Tupac Shakur's friend Treach remembers their 'fight' in landmark movie 'Juice'

Tupac Shakur may well be one of the most gifted rapper’s music has ever known, but he is also a classically trained Shakespearean actor. It’s a little known fact that becomes wholly more believable once you’ve seen his starring role in Juice, which celebrated its 30th anniversary this month.

Released in 1992, the crime thriller puts Tupac as Bishop in the Ernest Dickerson-directed film as a group of friends go on a crime spree through Harlem, New York. While a few of the scenes are a little hacky, the film remains a startling reminder of Tupac’s star power.

With a budget of just $100,000, it has since gone on to amass over $20 million, likely down to Tupac’s performance and the iconography attached to it. But while it would be easy to assume that it is the rapper’s unique standing within pop culture that has drawn so many admirers to the feature, the truth is that Pac deliver a showstopping performance. Now, his friend and Naughty By Nature player Treach has shared a candid story from the set of the film.

The story comes from Treach’s interview with Hip Hop DX and sees the music-maker and consummate actor share his tale from the set of the landmark film. Treach recalls being a part of one pivotal scene in the film when Pac’s Bishop is surrounded by a Puerto Rican gang and a confrontation ensues.
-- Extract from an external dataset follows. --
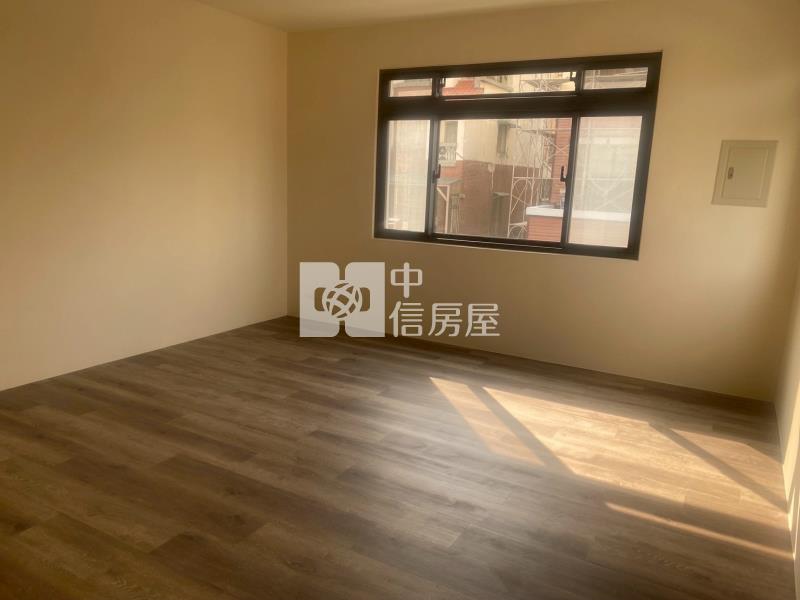 苗栗獨棟整新三車別墅房屋室內格局與周邊環境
But it’s not the gang leader Radames that lays hands on Bishop but one of Tupac’s close friends, Treach.

“When you see the movie, you know who I am,” he says. “You’re going to know me because I’m the only dark-skinned guy in the Puerto Rican gang. When you see that you going to be like, ‘Why is this black dude over here?’ No, I said for the movie sake, I was Dominican. It was Uptown. It was actually one part with me and 2Pac when I yanked him up and grabbed him. And it was so funny, he had to hold his smile in.

“Because he looking like, ‘My homie grabbing me? This is so unlike him.’ But he’s a great actor, so he held it until they said cut. And then all of us fell on the ground.” It’s a telling reminder of not only the talent that Tupac had at his disposal but genuine humanity too.